Quoi qu’il en soit, l’hindouisme est une religion ancienne. Elle est née dans la vallée de l’Indus, qui fait maintenant partie du Pakistan. Les Aryens, peuple indo-européen, s’établirent dans cette région vers 1500 avant notre ère. Étant donné qu’ils considéraient certains ouvrages comme détenant la connaissance (veda) sacrée, leur religion en vint à s’appeler le védisme. Elle comportait certains éléments de la religion des ancêtres des Iraniens actuels, et il est même possible qu’elle ait subi l’influence babylonienne. L’Encyclopédie de la religion et de la morale (angl.) parle d’ailleurs de “diverses correspondances entre la culture babylonienne et la culture hindoue primitive”. La religion des premiers arrivants s’est ajoutée à ces éléments étrangers; puis, en fonction des différentes influences religieuses qu’elle a subies au cours des années, elle s’est enrichie de nouvelles croyances et coutumes en même temps qu’elle en a mis d’autres de côté. Ainsi, l’hindouisme est le résultat d’une accumulation continuelle de quantité d’éléments d’origines très diverses.
Enseignements et coutumes
Les Aryens ont jeté les bases du système des castes propre à l’hindouisme. Les quatre castes originelles se sont multipliées, finissant par compter plusieurs milliers de subdivisions. Ces quatre castes étaient supposées émaner des différentes parties du puruṣa, mot sanskrit qui signifie “une personne” ou “un homme” et fait référence au père de l’humanité.

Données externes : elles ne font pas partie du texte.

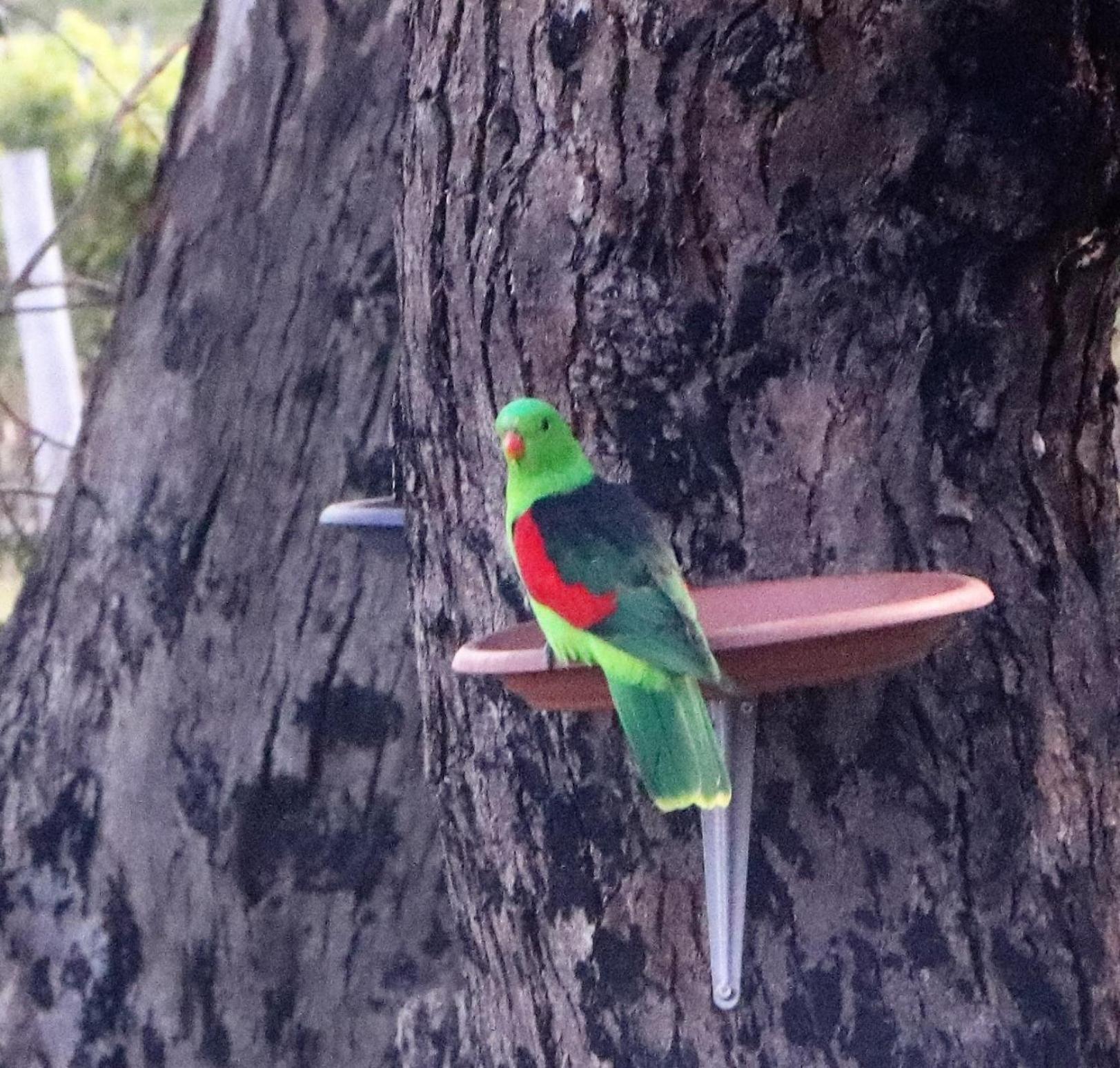 A Stanthorpe Getaway
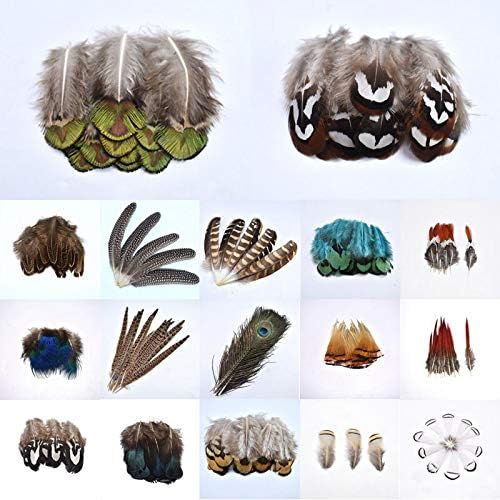 Avestruzes naturais Feathers Feathers for Crafts Diy Peacock Feathers for Jewelry Making Home Party Decoration Plumas - 10 PCs - Zamihalaa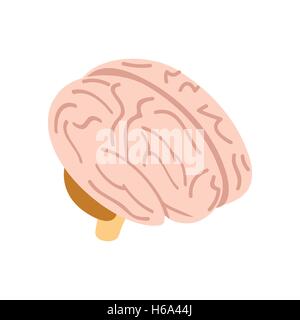 Human brain isometric 3d icon Stock Vector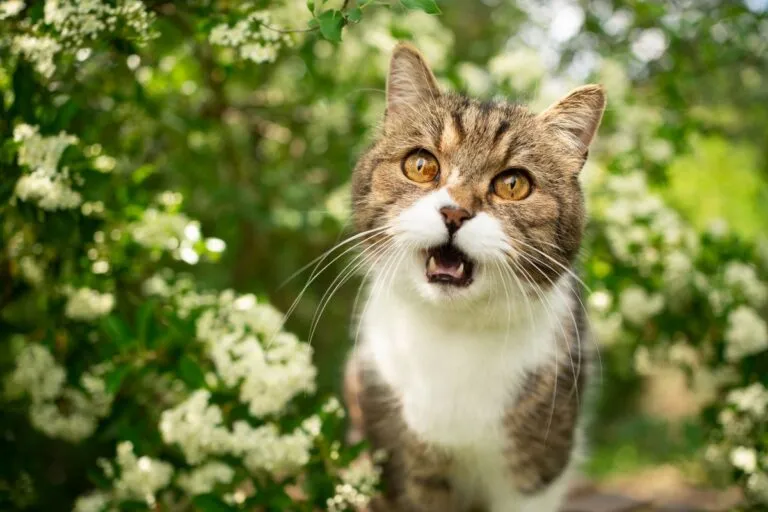 Katze miaut
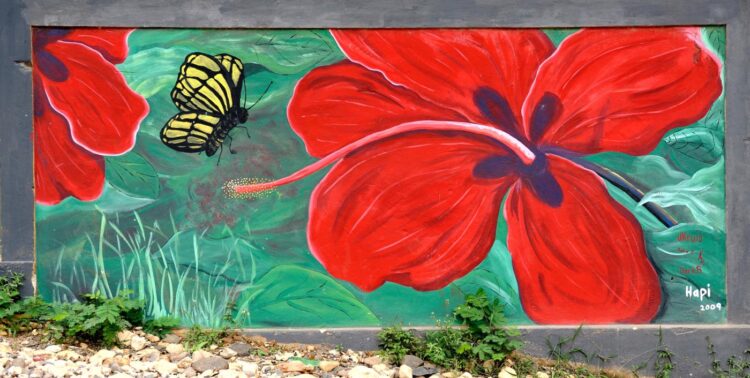 Prophet Munashe Dhobha Offers Morning Blessing for Wealth and Prosperity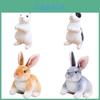 Poppen en knuffels – Dieren knuffels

Les brahmanes, censés être nés de sa bouche, constituaient la classe sacerdotale; les kshatriya, nés de ses bras, étaient les chefs militaires et politiques; les vaiçya, nés de ses cuisses, étaient voués à l’élevage, à l’artisanat et au commerce; les sūdra, eux, nés de ses pieds, étaient des esclaves. Les “intouchables” étaient des membres de la basse caste dont le rôle consistait à accomplir les activités religieuses impures. Il y a une quarantaine d’années, l’Inde et le Pakistan ont aboli les formes les plus dures du système des castes, mais certaines de ses règles subsistent encore.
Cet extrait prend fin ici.